Em virtude de resolução da camara dos dignos pares do reino, tomada em sessão de hoje, se publica o seguinte

Dignos pares do reino. — Os caixas geraes do contrato do tabaco, vendo no Diario de Lisboa o parecer apresentado a esta camara pelas illustres commissões reunidas ácerca do projecto da extincção do monopolio do tabaco, vem com toda a confiança no seu direito e na esclarecida justiça d'esta camara reclamar contra algumas das suas disposições, que julgam offensivas do seu direito de propriedade, e attentatorias da garantia que lhes concede o § 21.° do artigo 145.° da carta constitucional.

Estabelece-se nos artigos 17.° e 19.° do referido parecer: Que o governo decretará a expropriação das bemfeitorias, das machinas e dos objectos moveis existentes na fabrica de Xabregas e destinados á fabricação dos tabacos, e bem assim de qualquer determinada porção d'este genero, de que os futuros contratadores indicarem a necessidade».

 mais formal e positiva invasão da propriedade dos reclamantes está manifestamente proposta n'estes artigos, e por tal modo, que a consideram illegal, inutil e injusta.

«E garantido o direito de propriedade em toda a sua plenitude.

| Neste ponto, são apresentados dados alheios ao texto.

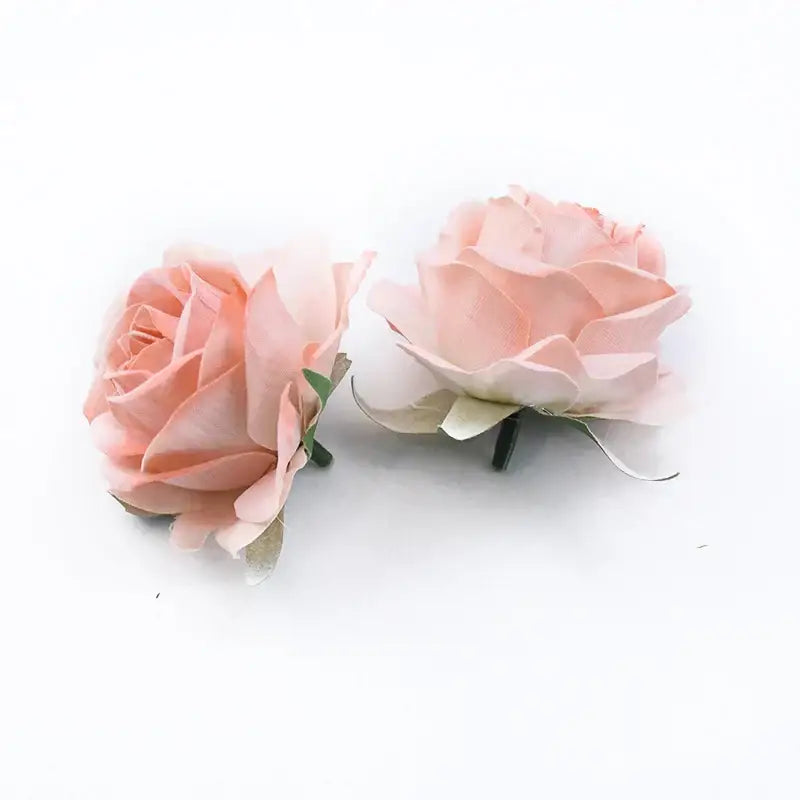 Two delicate peach-colored artificial flowers with layered petals and green stems in 6cm roses head for home decor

Se o bem publico, legalmente verificado, exigir o uso e emprego da propriedade do cidadão será elle previamente indemnisado do valor della.»

Tal é a disposição terminante do § 21.° do artigo 145.° da carta constitucional.

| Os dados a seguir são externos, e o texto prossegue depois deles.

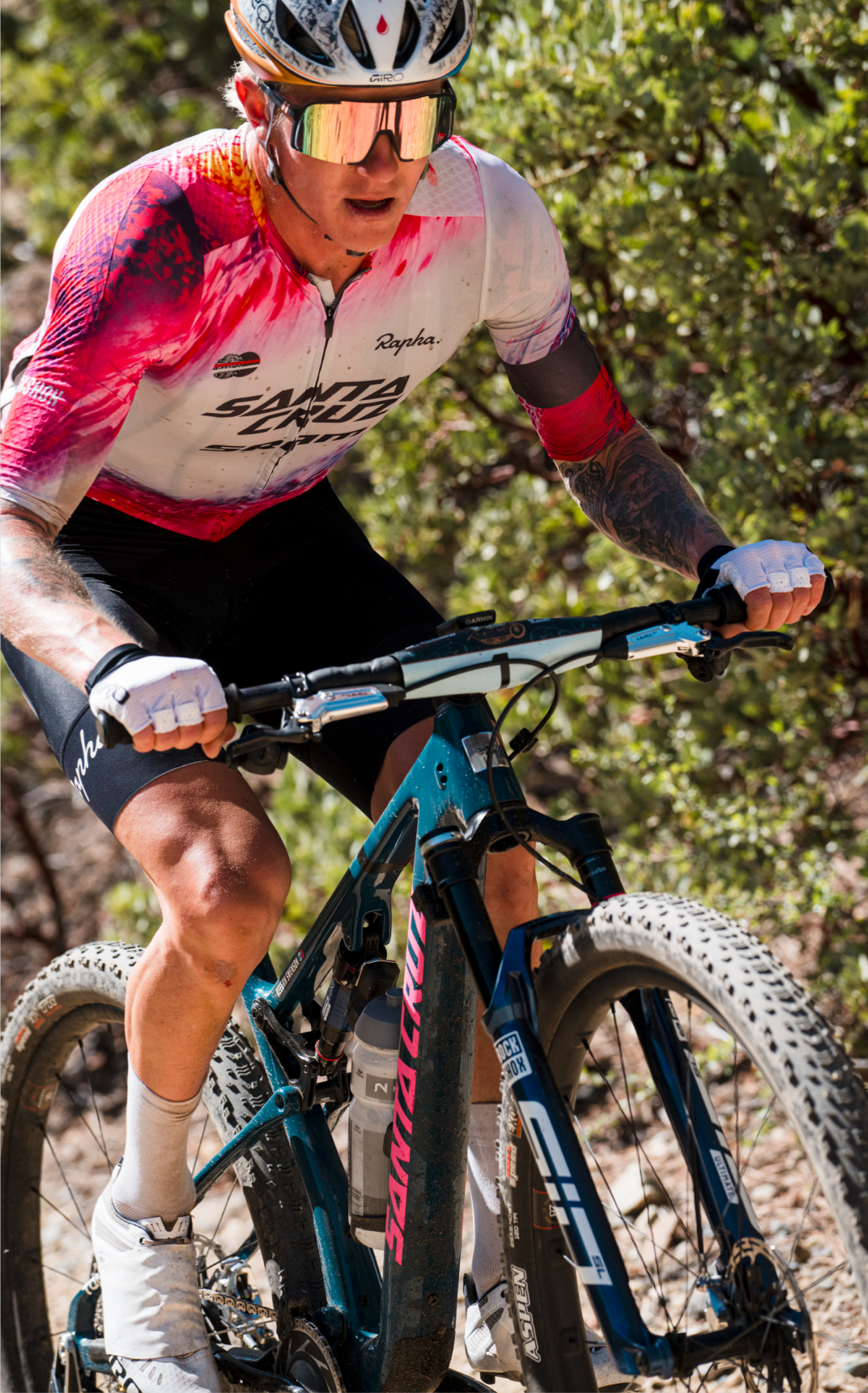 Focused cyclist riding a Santa Cruz mountain bike on a rugged trail, wearing a vibrant jersey and helmet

Pretende-se porém no parecer tirar aos reclamantes a sua propriedade sem fundamento algum do bem publico, sem verificação legal e Bem indemnisação prévia.

Em nenhum dos artigos do parecer se indica motivo do bem publico, que possa desculpar a expropriação proposta, e apenas no relatorio que o precede se diz que: «era preciso que as vantagens da liquidação do monopolio, das suas fabricas, da sua freguezia, etc.. se vendessem em proveito do thesouro».

Se o proveito do thesouro póde motivar a expropriação, acabou a garantia da propriedade particular.

Se o governo, para auferir lucros, póde lançar mão de qualquer propriedade, morreu este direito, que é a salvaguarda da fortuna e o motor da actividade dos cidadãos.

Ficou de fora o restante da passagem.